Running Drupal with Clean URL on Nginx or Lighttpd

Tagged in

Drupal Logo First of all, my previous post on Nginx vs. Lighttpd for a small VPS seems to be a “hit”. Thanks to Glenn for submitting it to programming.reddit.com, which got picked up by a few bloggers. Got around 1,000 unique visitors on the day where the post went live, which I guess is pretty good for this one-post-a-week site of mine.

Since I have briefly touched on the “URL rewrite-ability” of Nginx and Lighttpd in my previous post, I think it might actually be useful to have some examples showing how rewrite rules are written on these web servers to support clean URLs. I will take the open source CMS Drupal for example, as it is what Hosting Fu runs on. Btw, Drupal 5.0 has just been released and it rocks.

Prerequisite

These are the things that I assume you would know before reading this article.

  • Why clean URL. Pick your reason. SEO or general dislike of query string.
  • Setting up PHP. I won’t be talking about how to set up PHP/FastCGI on Nginx or Lighttpd. Here’s one for Nginx and one for Lighttpd.
  • Installing Drupal. Check related section in Drupal handbook.
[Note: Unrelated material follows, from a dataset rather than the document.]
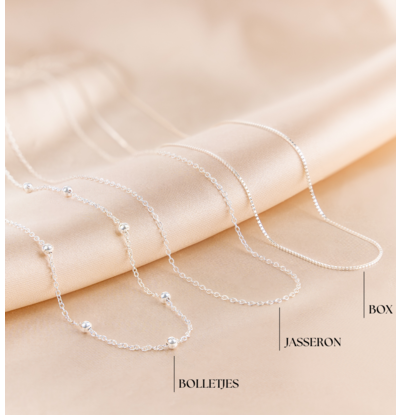 KAYA sieraden Silver box chain necklace (various sizes)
I am only going to discuss the rewriting rules needed to enable clean URL in Drupal on either Nginx or Lighttpd.

Apache’s Mod_Rewrite

Like most open source PHP applications, Drupal came with a .htaccess file assuming Apache is serving the pages. We will use it as the reference on how the rewrite rules can be written for the other two web servers.

Here’s the bit in .htaccess that does rewrites:

RewriteEngine on
RewriteCond %{REQUEST_FILENAME} !-f
RewriteCond %{REQUEST_FILENAME} !-d
RewriteRule ^(.*)$ index.php?q=$1 [L,QSA]

What it does is:

  • If requested file exists, serve it.
  • If requested directory exists, serve it depending on how index option is configured.
  • Otherwise, send all requests to index.php, setting parameter ‘q’ as the path of the original request, and then append the rest of the query string.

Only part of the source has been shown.